# Problem details
Given these entries, repeat exactly the lines starting with the one that has "Women's Suede Ballet" and going on through the one that has "6 boîtes de", both included, but none of the pictures.

# Records for the task
=======
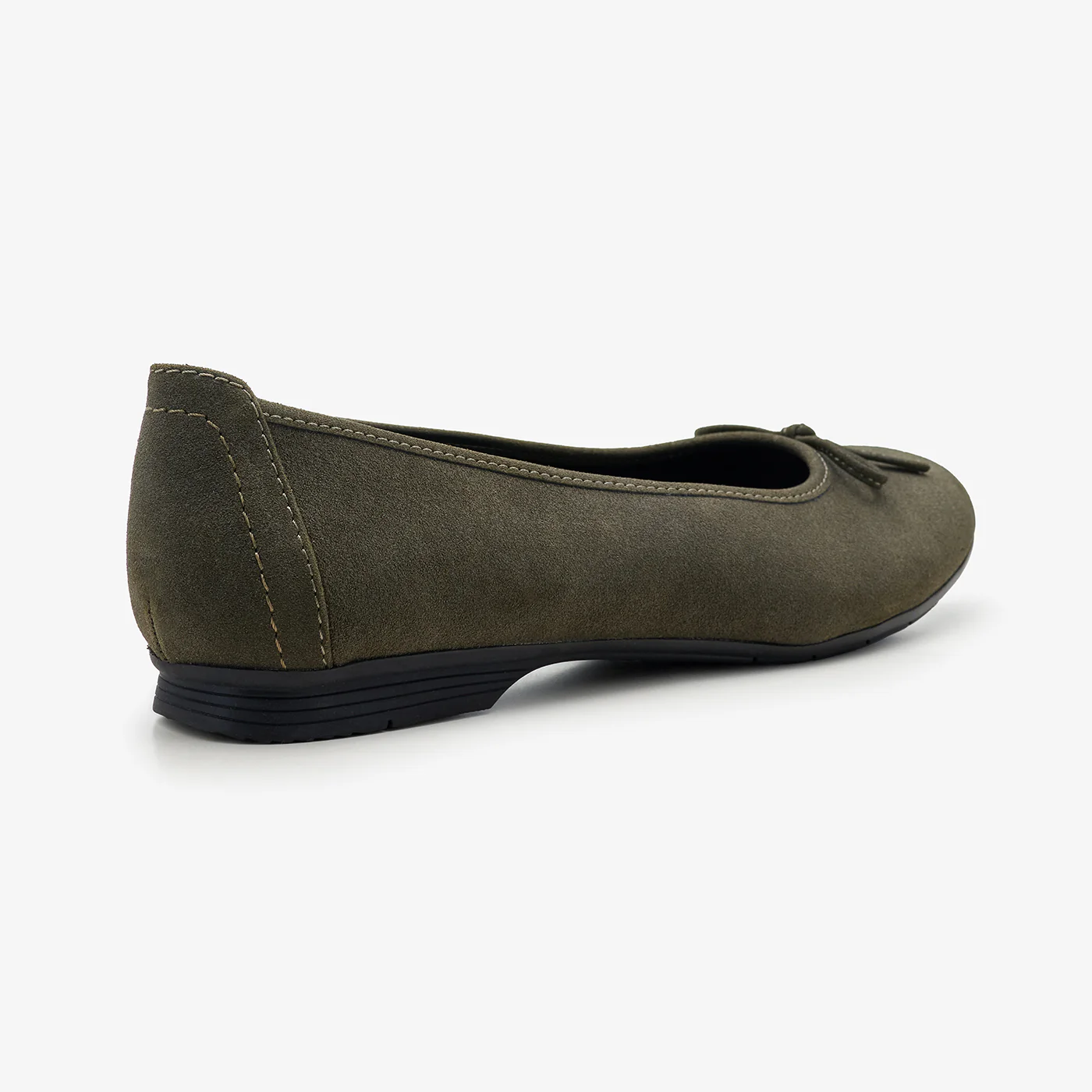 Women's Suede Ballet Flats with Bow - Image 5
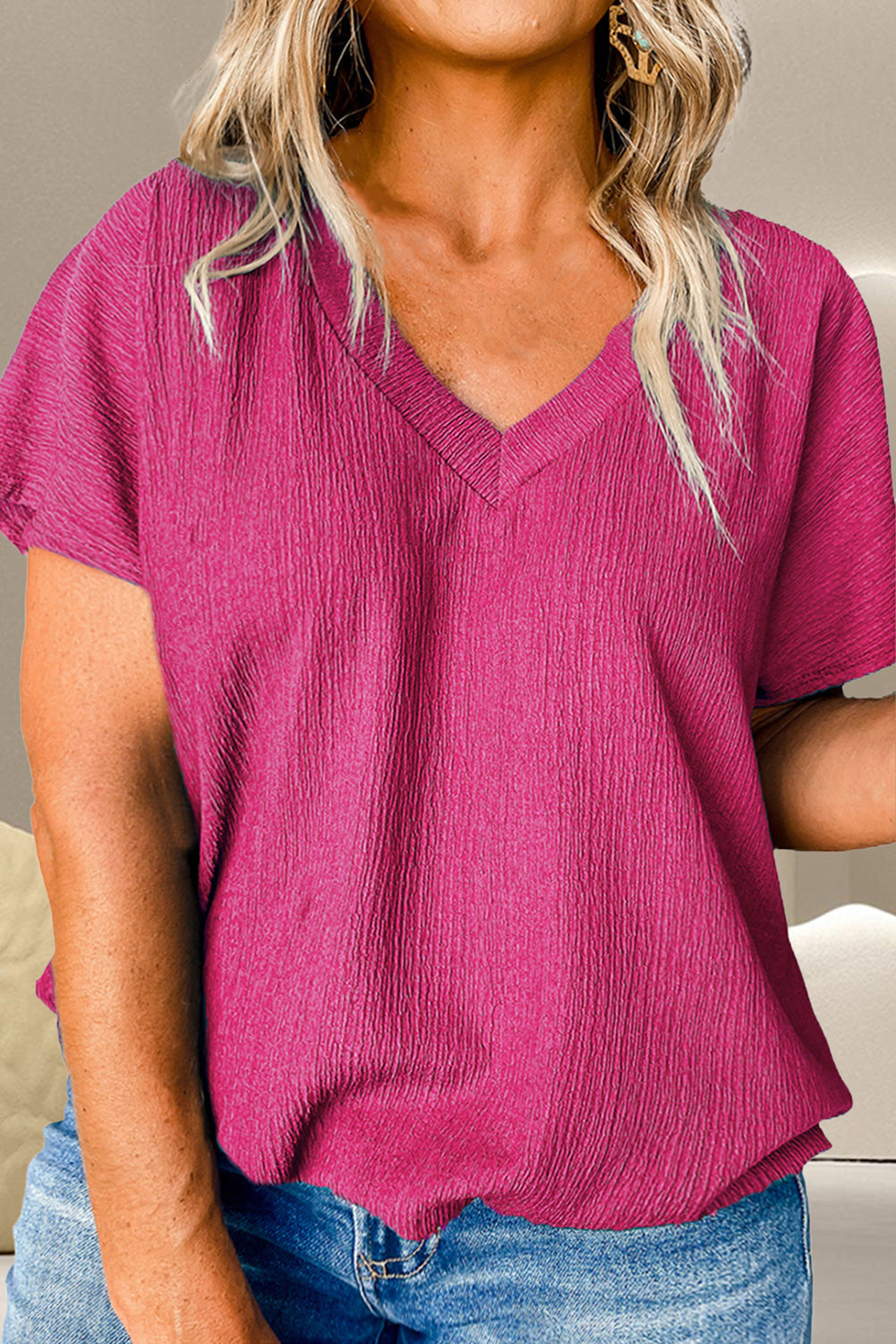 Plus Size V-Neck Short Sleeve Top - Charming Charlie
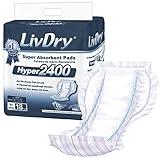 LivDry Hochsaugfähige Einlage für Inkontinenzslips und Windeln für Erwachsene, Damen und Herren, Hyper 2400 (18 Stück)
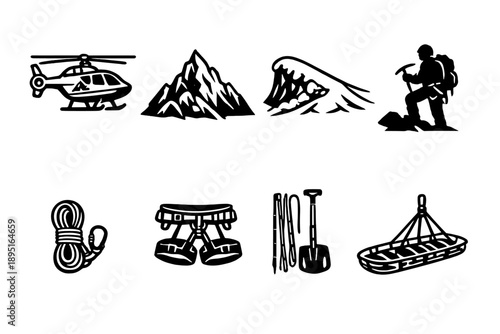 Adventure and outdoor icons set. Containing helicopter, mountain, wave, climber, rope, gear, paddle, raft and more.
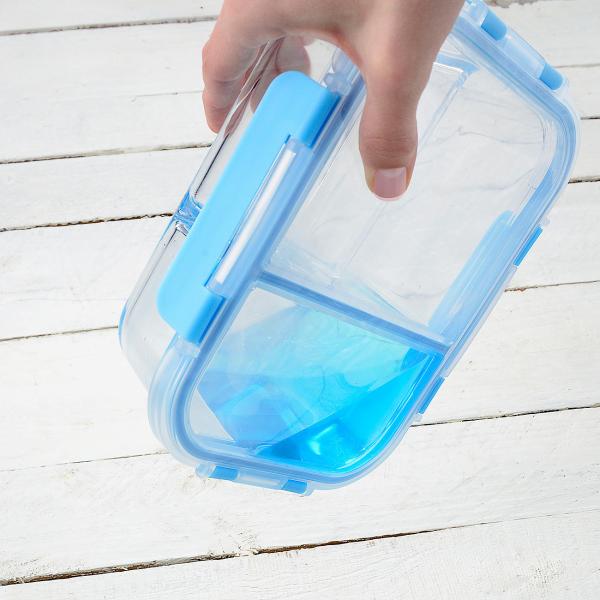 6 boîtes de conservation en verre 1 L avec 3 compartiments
=======
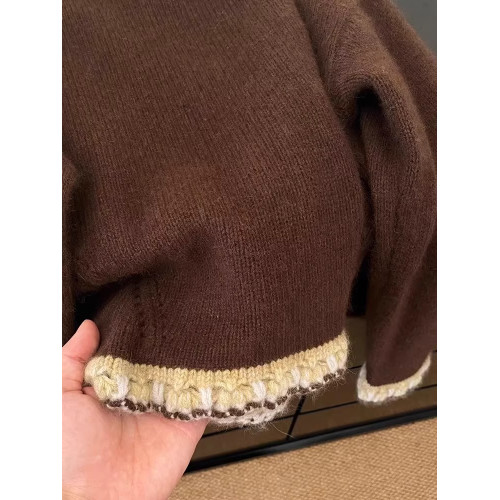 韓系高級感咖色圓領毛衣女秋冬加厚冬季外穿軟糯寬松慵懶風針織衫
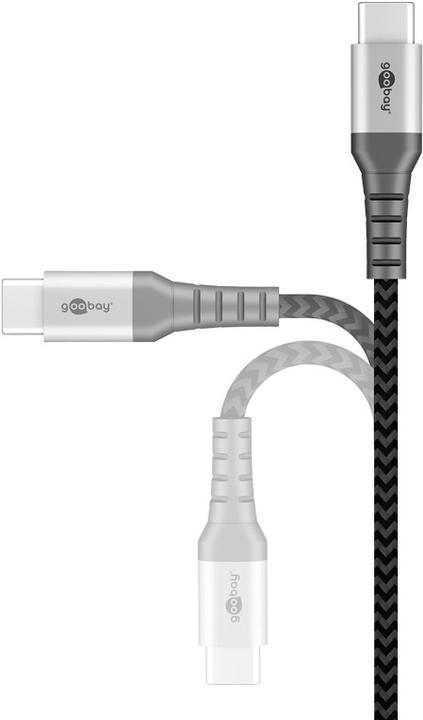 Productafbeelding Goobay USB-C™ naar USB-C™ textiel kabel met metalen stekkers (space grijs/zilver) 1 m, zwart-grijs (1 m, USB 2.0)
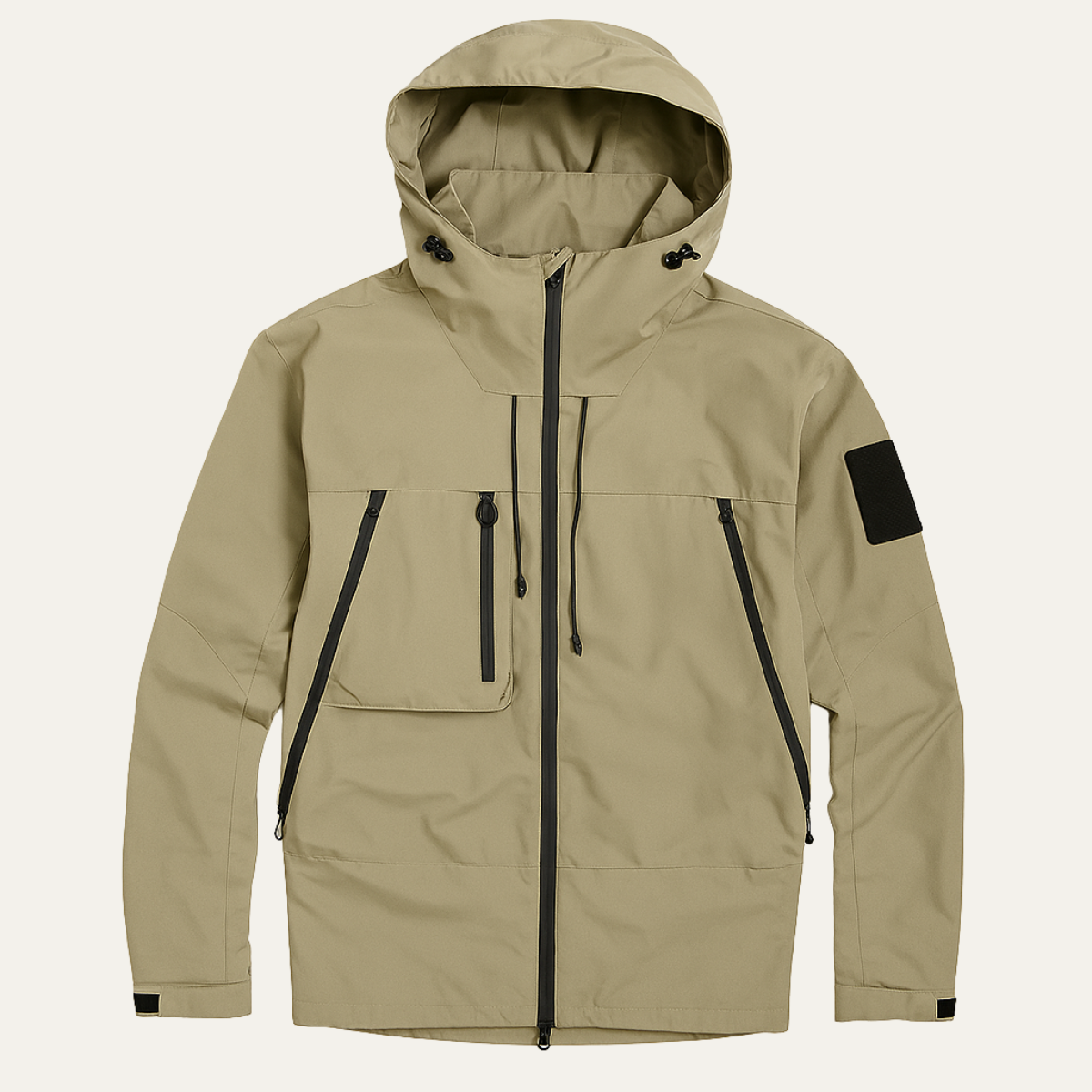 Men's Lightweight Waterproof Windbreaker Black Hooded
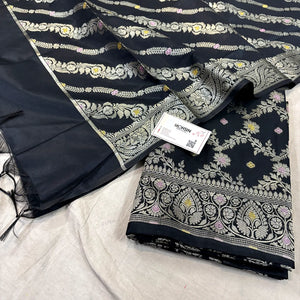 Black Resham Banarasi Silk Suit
=======
# Solved exercise
 Women's Suede Ballet Flats with Bow - Image 5
 Plus Size V-Neck Short Sleeve Top - Charming Charlie
 LivDry Hochsaugfähige Einlage für Inkontinenzslips und Windeln für Erwachsene, Damen und Herren, Hyper 2400 (18 Stück)
 Adventure and outdoor icons set. Containing helicopter, mountain, wave, climber, rope, gear, paddle, raft and more.
 6 boîtes de conservation en verre 1 L avec 3 compartiments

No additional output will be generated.